Menores assassinos não são “apreendidos”, e sim julgados.
Sou
a favor da redução da maioridade penal para 16 anos. Por uma razão de senso
comum, nada a ver com ideologia ou “vingança”: não enxergo os de 16 a 18 anos como adolescentes. Não vem
ao caso se são pobres ou ricos, se foram à escola ou não, eles são jovens
adultos e devem pagar por seus atos como os maiores. Se os pais são criticados
quando os infantilizam, a lei também não deveria.
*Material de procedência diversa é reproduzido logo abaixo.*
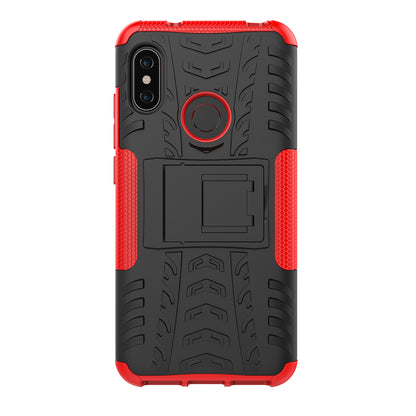 Anti-slip PC + TPU Hybrid Kickstand Case for Xiaomi Mi A2 Lite / Redmi 6 Pro
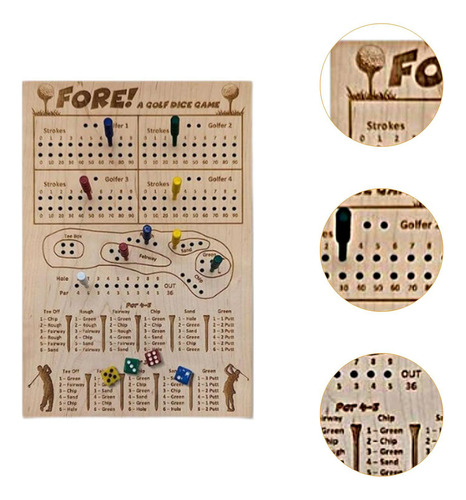 Juego De Mesa De Dados De Golf, Juego De Golf Familiar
Passar a mão na cabeça,
tratá-los como incapazes de discernir o certo do errado nem faz jus às
“competências” da rapaziada de 16 anos. Eles detestam ser tratados como
criancinhas. Quando convém.
Mas
discordo da “bancada da bala” e da “bancada evangélica”. O principal argumento
deles é: com a redução para 16 anos, cairá a criminalidade. Não dá para
acreditar nisso. Estima-se que 1% dos homicídios são cometidos por menores no
Brasil. Sei lá se é verdade, porque nossas estatísticas são muito falhas. Mas
os 53 mil assassinatos anuais não mudarão quase nada por causa dessa lei.
Os
deputados pró-redução afirmam que os traficantes de drogas deixarão de aliciar
os menores de 18 anos. Há resposta pronta para isso: os bandidos passarão a
mirar nos de 15 anos, e não de 16. É verdade. Mudará algo no fim? Talvez. Os
que já têm 16 anos, sem perspectivas e fora da alçada da família, são as
maiores vítimas. A vida não tem valor para eles. Não é assim em países mais
pobres – e mais rigorosos – que o nosso.
Quem
prefere deixar a lei intacta diz que “a direita” quer encarcerar todos os
menores que, sem ensino fundamental, saem matando. E que as prisões brasileiras
não melhoram ninguém, são depósitos de indignidade e escolas do crime. Certo.
Nossos presídios são medievais e a superlotação é a mais branda das violações
de direitos humanos. Mas por que nenhum deputado grita a favor dos jovens de 18
anos? No dia em que faz 18, ele pode então entrar no inferno? Já é “de maior”,
deixa de ser “jovem”?
Os
presídios deveriam se transformar em centros de ressocialização para qualquer
idade. Deveriam mostrar que o crime não compensa e que o conhecimento e o
trabalho enobrecem. Os reformatórios juvenis brasileiros talvez sejam, em
muitos aspectos, piores que as prisões.
Dizer,
como o advogado Marcos Fuchs, de 51 anos, da ONG Conectas, que a redução da
maioridade penal colocaria adolescentes num ambiente prisional controlado por
criminosos é ignorar nossa realidade. Eles já nascem e crescem em ambientes
controlados por criminosos. Fuchs afirmou que, com essa lei, o Brasil iria
contra a resolução da ONU que protege os adolescentes. Em que lugar – dentro ou
fora de cadeia – o Brasil protege os adolescentes? Ou os bebês, as crianças e
suas mães? Trabalho escravo, prostituição infantil, a lista é extensa e
vergonhosa.
Só a
educação universal e de qualidade pode transformar a vida dos brasileiros de
todas as idades. Só assim reduziremos a apavorante criminalidade. Junto com
saneamento, postos de saúde, crédito para microempreendedores, ginásios
esportivos.
Essa
lei mudaria tudo? Claro que não. Manter a maioridade penal de 18 anos
protegeria os menores carentes? Claro que não. Talvez fiquem mais protegidos em
“presídios educativos” do que abandonados pelos pais, pelos deputados e pelo
Estado nas ruas. Nossa pátria não é mãe gentil.